Your task: An exact copy of the listing below is the answer, with the pictures removed.

Material provided:
_ _ _ _
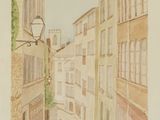 a painting of a narrow street with buildings on both sides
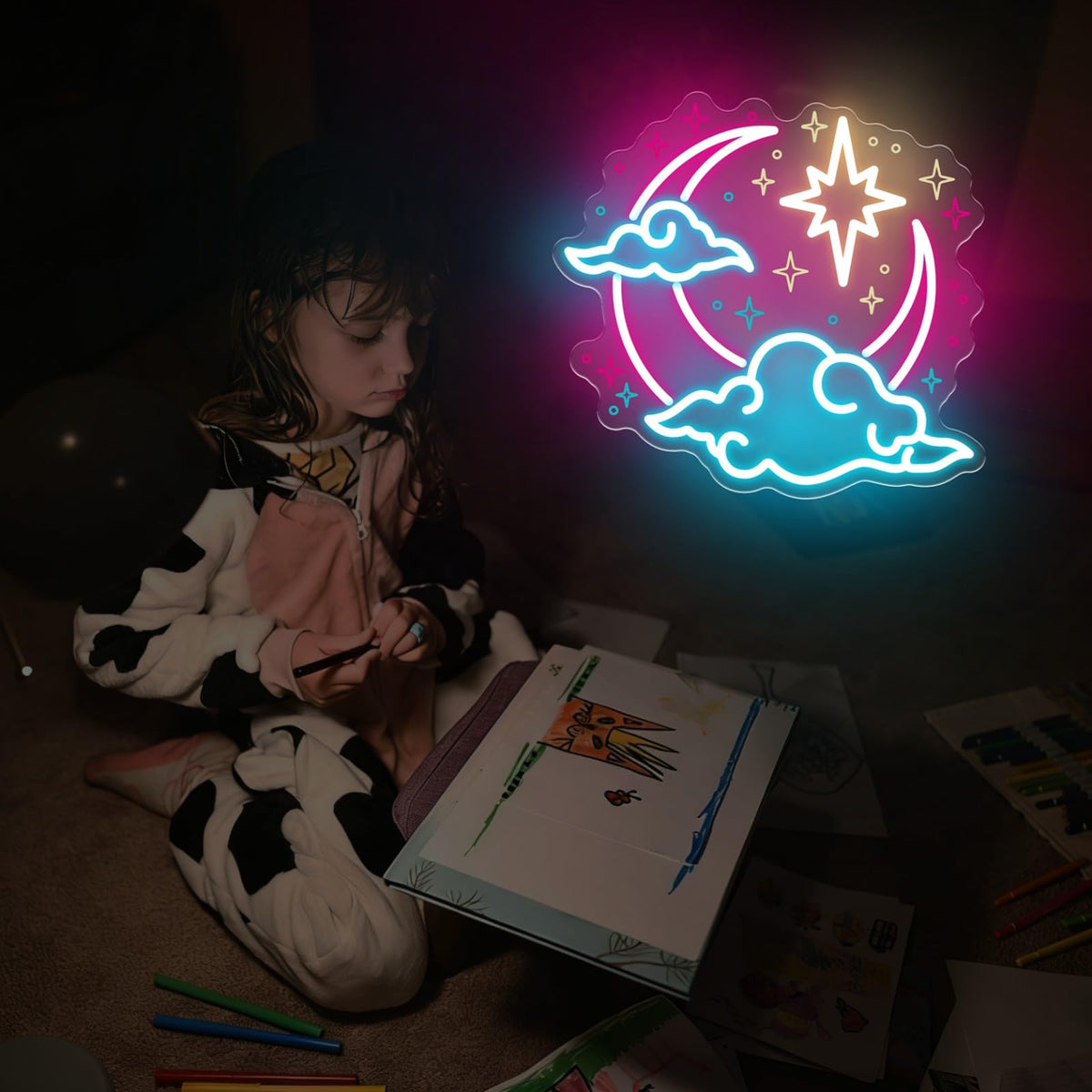 Crescent Moon Cloud Star Neon Sign for Bedroom Nursery (Moon Cloud Star)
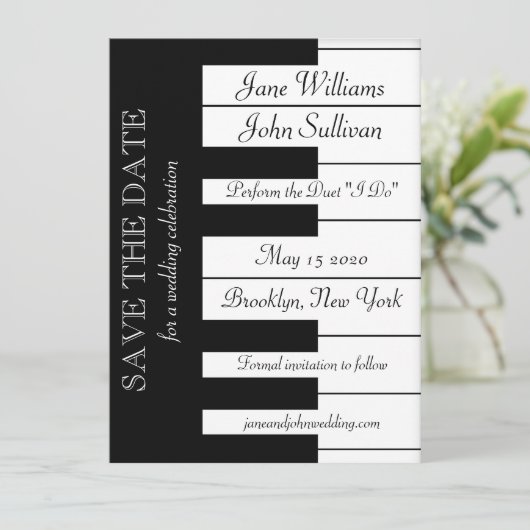 Klaviermusik beim Hochzeitsfeiern speichern das Da Save The Date (Stehend Vorderseite)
_ _ _ _
Response area:
 a painting of a narrow street with buildings on both sides
 Crescent Moon Cloud Star Neon Sign for Bedroom Nursery (Moon Cloud Star)
 Klaviermusik beim Hochzeitsfeiern speichern das Da Save The Date (Stehend Vorderseite)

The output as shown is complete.